No existen argumentos científicamente válidos fundando la prioridad del
Estado sobre el individuo en lo inherente a estas decisiones. Las mismas deben
quedar en la esfera íntima del sujeto capaz, sin intromisiones ni instancias
judiciales previas.
Solicito y mociono, como conclusión, que se declare la urgente necesidad
de derogar el inc. 4 del art. 19 de la Ley 17.132.

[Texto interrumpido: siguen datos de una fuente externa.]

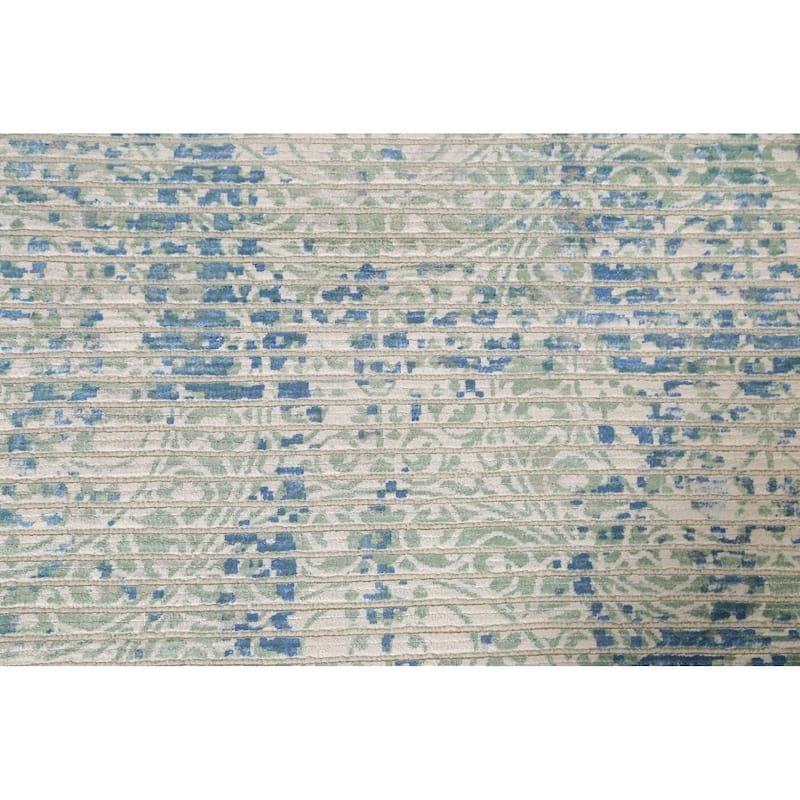 Striped Abstract Area Rug Hand-Knotted Wool Carpet - 5'7" x 7'6"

PONENCIA APROBADA POR UNANIMIDAD
[1] ver RABINOVICH-BERKMAN: RESPONSABILIDAD DEL MÉDICO
(Bs. As., Astrea, 1999, pp 447 y ss); DERECHO CIVIL, Parte General (Bs.
As., Astrea, 2000, pp 282 y ss); y más difíciles de encontrar: BÍODERECHOS
(Bs. As., Dunken, 1999, pp 159 y ss) y TRANSEXUALIDAD, Una aproximación
jurídica integradora (Bs. As., Dunken, 1996, passim).
[2] “Los profesionales que ejerzan la medicina están,
sin perjuicio de lo que establezcan las demás disposiciones legales
vigentes, obligados a: [...] 4) No llevar a cabo intervenciones quirúrgicas
que modifiquen el sexo del enfermo, salvo que sean efectuadas con
posterioridad a una autorización judicial”.
[3] "Yo
no cambio hombres en mujeres", dijo un experimentado cirujano en el
caso REISNER c/ VIGILANT INSURANCE
CORPORATION (N.York,1988, 524 N.Y.S. 2d 602), "transformo genitales
masculinos en genitales que tienen aspecto femenino. Todo el resto está en
la mente del paciente".
[4] MOORE (RECENT
DEVELOPMENTS CONCERNING THE CRITERIA OF SEX AND POSSIBLE LEGAL IMPLICATIONS,
en Manhattan Bar News, XXXI, 1959,
p 104) distingue ocho criterios científicos para la determinación del
sexo: cromosomático, gonádico, hormonal, orgánico interno, genital,
habitus sexual, sexo asignado y rol sexual. STOLLER (SEX
AND GENDER, Hogarth, 1968, pp 453-456) destaca los dos primeros.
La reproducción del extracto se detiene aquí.